* [PROMPT]: Retype each entry exactly as written, and keep the pictures out of the copy.

----------

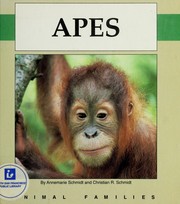 Cover of: Apes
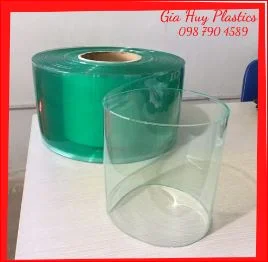 Công Ty TNHH Sản Xuất Và Kinh Doanh Bao Bì Gia Huy Plastics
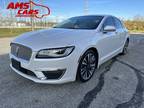 2018 Lincoln MKZ Select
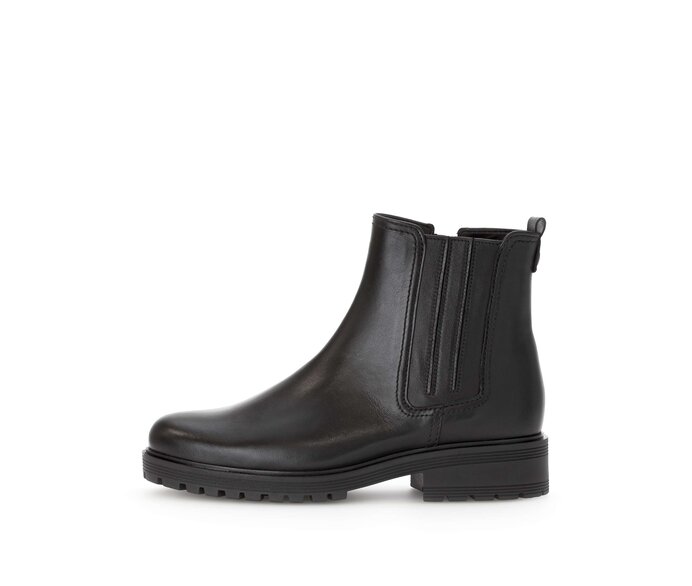 Chelsea Boot schwarz #0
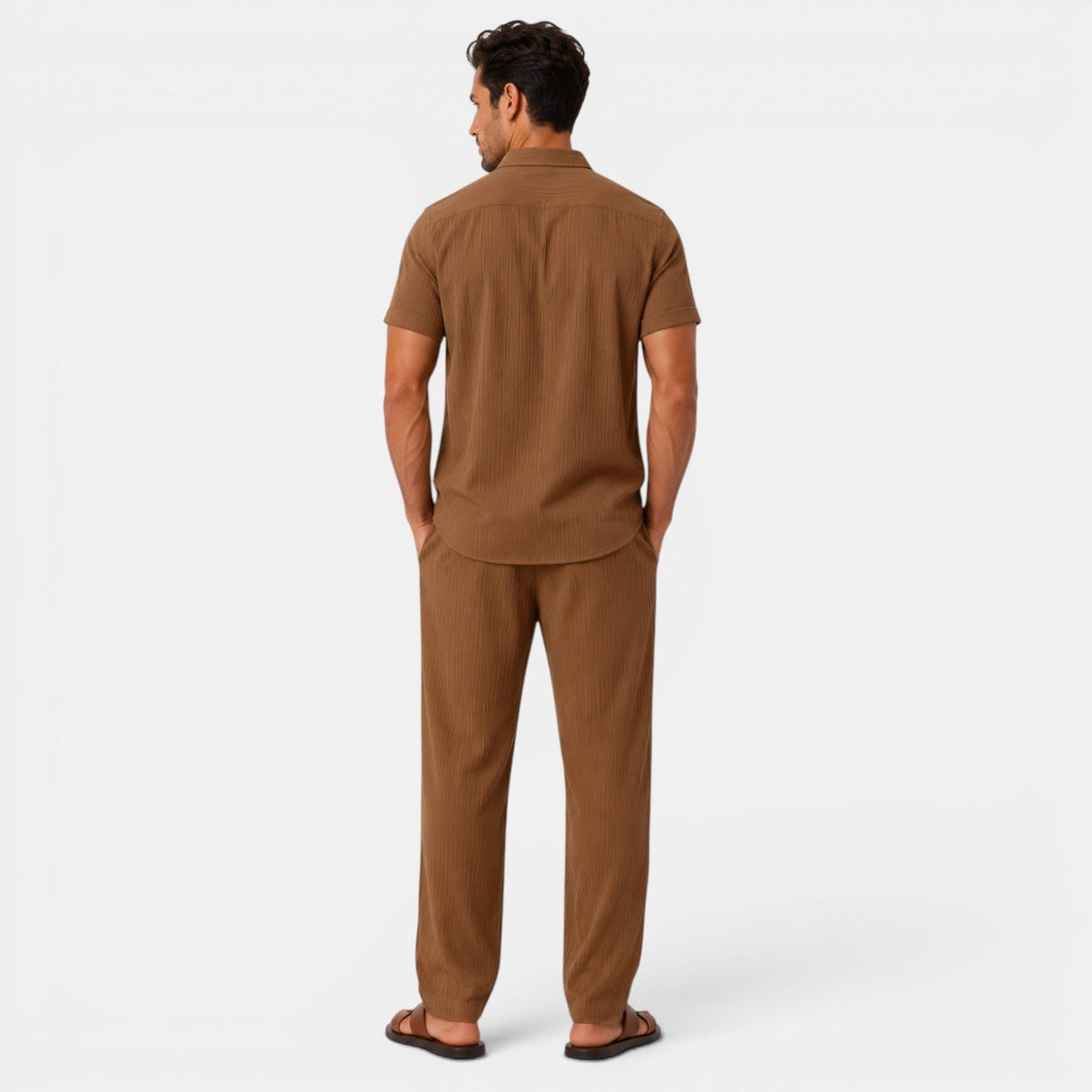 Conjunto Hombre Verano Casual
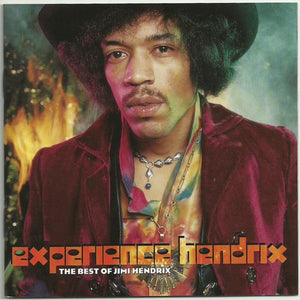 Jimi Hendrix : Experience Hendrix - The Best Of Jimi Hendrix (CD, Comp, RE, RM)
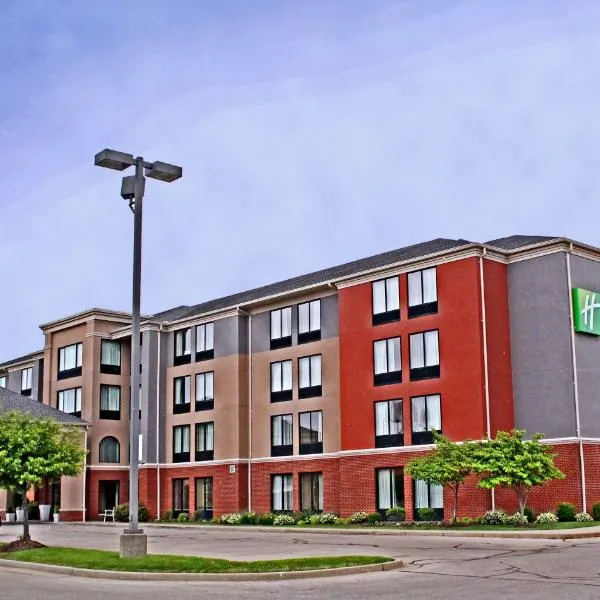 Holiday Inn Express Hotel & Suites Cape Girardeau I-55 by IHG, hotel a Cape Girardeau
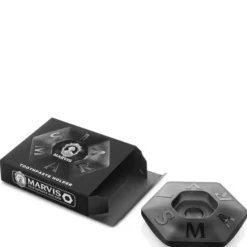 Porta Dentifricio Nero Marvis 1 Pezzo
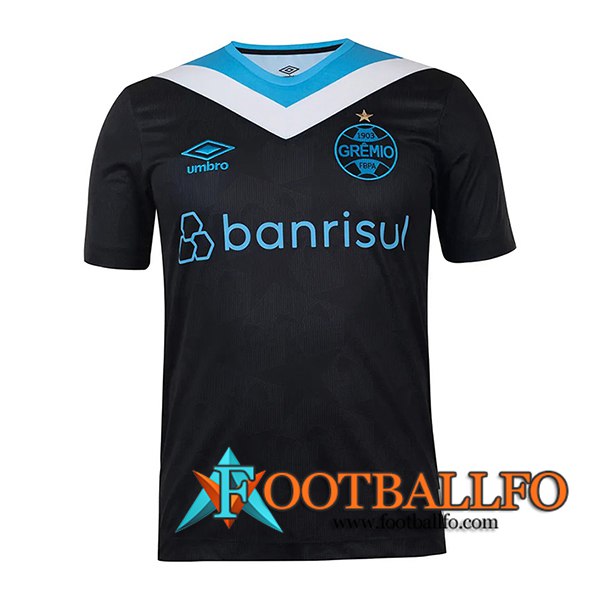 Nueva Camisetas De Futbol Gremio Tercera 2024/2025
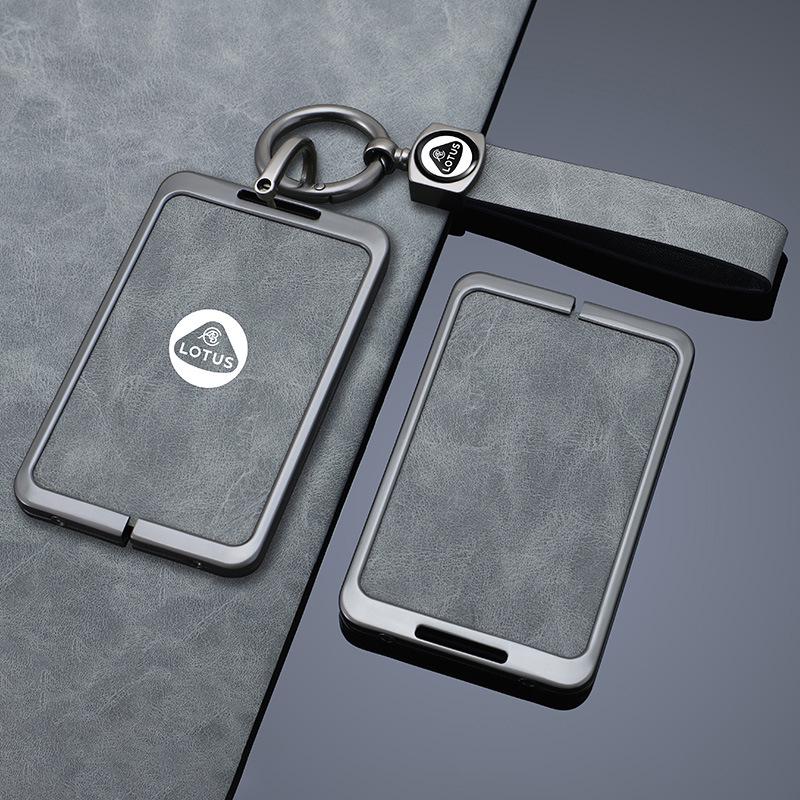 2024 Lotus ELETRE & EMEYA Floral NFC Key Card Cover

----------

* [ANSWER TO THIS PROBLEM]:
 Cover of: Apes
 Công Ty TNHH Sản Xuất Và Kinh Doanh Bao Bì Gia Huy Plastics
 2018 Lincoln MKZ Select
 Chelsea Boot schwarz #0
 Conjunto Hombre Verano Casual
 Jimi Hendrix : Experience Hendrix - The Best Of Jimi Hendrix (CD, Comp, RE, RM)
 Holiday Inn Express Hotel & Suites Cape Girardeau I-55 by IHG, hotel a Cape Girardeau
 Porta Dentifricio Nero Marvis 1 Pezzo
 Nueva Camisetas De Futbol Gremio Tercera 2024/2025
 2024 Lotus ELETRE & EMEYA Floral NFC Key Card Cover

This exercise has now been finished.